Pisa liegt in der zentralen Toskana direkt am Arno, nahe dessen Mündung in das Tyrrhenische Meer. Im Mittelalter und in der frühen Neuzeit war Pisa als Republik Pisa ein Stadtstaat und eine der Seerepubliken. Heute ist die Stadt mit ca. 92.000 Einwohnern Hauptstadt der Provinz Pisa.

Wahrzeichen ist der als Schiefe Turm von Pisa bekannte Campanile des Doms auf der Piazza dei Miracoli zusammen mit dem Baptisterium.
Das echte Pisa jedoch beginnt nur wenige hundert Schritte vom Campanile entfernt.

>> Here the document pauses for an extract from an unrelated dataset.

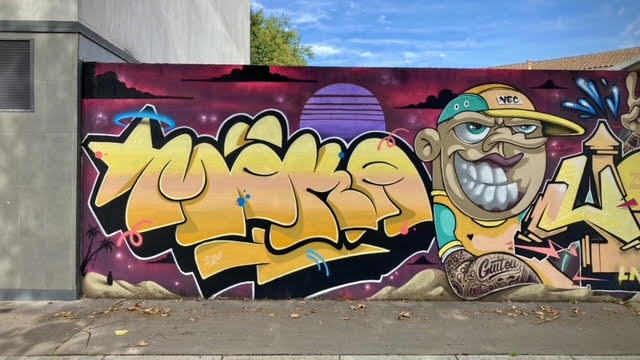 Fresque graffiti avec lettrage jaune et personnage cartoon réalisée à Cenon.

Hier schlendern Sie durch die typischen, verwinkelten Gassen, die sich zwischen den im berühmten Pisaner Gelb gestrichenen Häusern winden durch die historischen Viertel San Martino, Santa Maria, San Francesco und Sant’Antonio.
Mittelpunkt ist die zentrale Brücke über den Arno, die Ponte di Mezzo.

Entlang der Arnopromenade findet jedes Jahr am 16. Juni das eindrucksvolle Lichterfest Luminara zu Ehren des Schutzpatrons San Ranieri statt. Zu Beginn der Abenddämmerung werden die Stadtpaläste und Häuser entlang des Arnoufers mit Tausenden von Kerzen beleuchtet, kleine „barchette“ transportieren das Licht auf dem Arno durch die Dunkelheit, Musik durchdringt die Nacht und ein Feuerwerk stellt den abschließenden Höhepunkt dar. Die ganze Stadt ist auf den Beinen – ein Fest, das Sie sich nicht entgehen lassen sollten.

Nach einer Stadtbesichtigung lohnt es sich, auch die Umgebung von Pisa zu erkunden. Die umliegenden Hügel von Pisa bieten viele Möglichkeiten für Weintouren und kulturelle Ausflüge.
Die „Strada del Vino“ (Weinstrasse) der Pisaner Hügel verläuft entlang vieler kleiner Dörfer und Städtchen. Sie beginnt in San Miniato, bekannt auch für den Trüffel im November und geht weiter über Palaia, La Rotta, Peccioli, Lajatico (bekannt für das „Teatro del Silenzio“ von Andrea Boccelli), Terricciola, Lari, Crespina, Fauglia, Lorenzana, Casciana Terme und Chianni.
Erkundenswert ist auch die „Strada dell’Olio“ (Ölstrasse), die die Pisaner Berge durchkreuzt. Hier können Sie Orte kennenlernen, in denen alte Traditionen des Kunsthandwerks, mittelalterliche Kostüme und natürlich die traditionellen lokale Küche noch lebendig sind.

Zu empfehlen ist auch ein Besuch in der „kleinsten Nudelfabrik der Welt“ der Gebrüder Martelli – pastificio Martelli, in der die Nudeln noch auf handwerkliche Art hergestellt werden.

Nach Nordosten hin Richtung Lucca wird die Provinz Pisa durch die Monti Pisani getrennt. Dieser nicht sehr hohe Bergzug bietet z.T. Steilhänge, sanfte Hügel mit Kastanienbäumen und Pinien und Täler mit Bächen, Olivenhainen und Weinreben. Über die Landstraße entlang der Pisaner Berge erreichen Sie kleine alte Dörfer wie Buti, Vicopisano oder Calci, bei denen Sie auch Schlösser, Klöster und Kirchen besichtigen können

Traditionelle Veranstaltungen wie der Palio von Sant’Antionio in Buti, wie auch das mittelalterliche Fest Festa Mediovale in Vicopisano laden dazu ein, auch Kultur und Folklore näher kennenzulernen. In Calci finden Sie eines der größten Klöster der Toskana La Certosa“, umgeben von einer breiten Ringmauer.

Für entspannende Strandtage empfehlen wir die Küstenorte Marina di Vecchiano mit seinem breiten naturbelassenen Dünensandstränden oder auch Marina di Pisa mit seinen Strandbädern.